Destaca el diseño a cargo de Natalia Morales Tapia y las proyecciones y diseño sonoro de Niles Atallah, que logran una atmósfera onírica. Una atmósfera que es un descanso a la información realista para ingresar en ese otro universo donde la naturaleza es protagonista y los sueños son revelaciones. Y, también, donde el frío, la nieve, el verde y el cántico de los pájaros dan pauta tangible de este otro modo de relacionarse con el territorio y con la comunidad. Hay espíritus, hay niños que juegan, hay señales, ritos, una rogativa; dan la idea de almas en pena. Hay un cambio de rewe (ese tronco escalonado y altar sagrado utilizado en las ceremonias ancestrales mapuche), las esculturas de madera que simbolizan los espíritus protectores que dialogan con la machi. Con estos códigos se plantea la rogativa al ngen mapu, remover la tierra de una tumba para ir en búsqueda de la verdad y la justicia en un gesto que nos recuerda, en un punto, el cometido de Antígona, de Sófocles.
Habría que sumar la bella composición musical de Evelyn González Seguel y los ejecutantes en escenario; todo esto genera pasajes sagrados memorables. Sin embargo, habría que hacer notar que es necesario equilibrar los turnos de la música y las intervenciones de los personajes, pues a veces se opacan unos a otros.

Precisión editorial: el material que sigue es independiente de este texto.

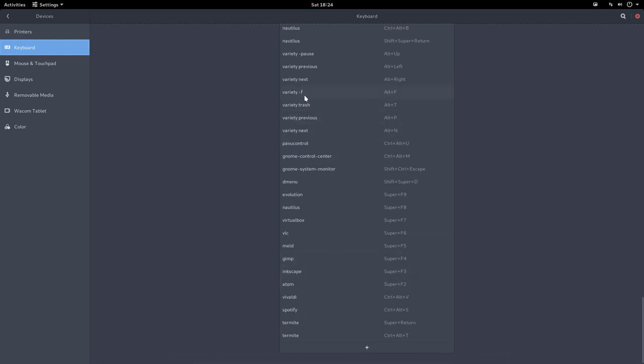And there you see Variety minus F, meaning I favorite this wallpaper. That's Alt F. I trash this wallpaper, Alt T. Next wallpaper, previous and next.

La pieza avanza de un espacio a otro, son dimensiones paralelas con lenguajes distintos, que a veces trazan una cesura difícil de resolver desde el plano escénico y dramatúrgico. Sin embargo, “Trewa” es una pieza sólida sobre la historia de violencia y resistencia del pueblo mapuche. Un pueblo que muestra una identidad cohesionada que ha resistido siglos de acoso e invisibilización, de discriminación y caricaturización. En su mensaje, obviamente, están la rabia y la impotencia por la represión policial que ahora sufren, anudada a intereses económicos y prepotencia cultural. Un interés codicioso y depredador que quiere arrasar con propiedades y formas de vida. Es una obra de denuncia y que muestra cómo varios de sus lamngen han sido asesinados y viven las consecuencias de un Estado que no ha sido capaz de reconocer que existe un pueblo originario y vivo, con una espiritualidad, lenguaje y organización política distintiva. Y cuya particularidad solo ha generado un castigo exclusivo para ellos, la aplicación de la nefasta Ley Antiterrorista.

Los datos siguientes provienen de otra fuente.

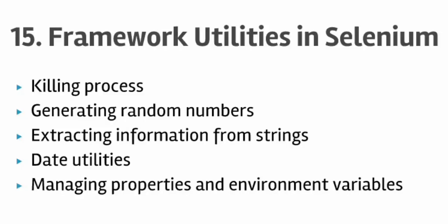Welcome to lecture number 15, Framework Utilities in Selenium. In this lecture we'll learn how to kill processes in Selenium, how to generate random numbers, and how to extract information from text or strings.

La obra termina con un monólogo áspero de Macarena Valdés en voz de la siempre talentosa Paula Zúñiga, y no hay suspiro, porque tras los aplausos y los vítores suben al escenario los verdaderos protagonistas de esta historia. Ahí está Ada Huentecol, una mujer joven y suave, que relata el calvario por hospitales buscando quitar los perdigones de plomo que envenenan la sangre de su hijo. Tampoco hay alivio cuando interviene Rubén Collío, quien cuenta su vida de ingeniero en Ñuñoa y el posterior giro cuando deciden mudarse, con su compañera e hijos, a Wallmapu. Decisión que tuvo un triste revés con la dramática muerte de Macarena Valdés, colgada en una viga, frente de sus hijos, aún no aclarada.

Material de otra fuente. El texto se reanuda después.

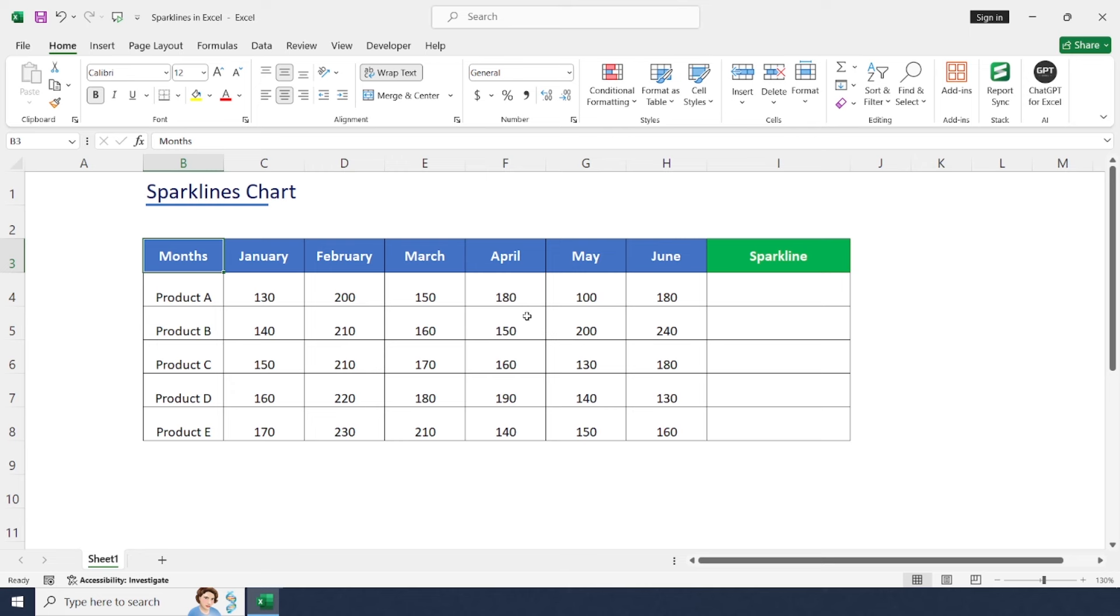Hello friends, welcome back to the channel. Today we are going to learn how to use sparklines to visualize sales data. Let's get started.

Escuchar a estas dos personas resilientes, enamoradas de la vida, querendonas con sus hijos que deambulaban por el escenario y con un discurso de reivindicación lúcido, fue una lección moral y vital. Los espectadores, y en especial los huincas, quedamos avergonzados frente a un conflicto nacional que resulta insoportable. La compañía Kimvn apuesta por un género que no es condescendiente con el público: nos exige aprender su lengua, repasar la historia y hacer que sea su punto de vista el que se imponga sobre el nuestro. Nos hace sentir extranjeros y nos propone entrar a sus códigos a través de atractivos dispositivos escénicos (una ruca, un bosque, una rogativa). Nos obliga a mirar de frente un conflicto que es demasiado doloroso y cercano, y que exige cambios urgentes.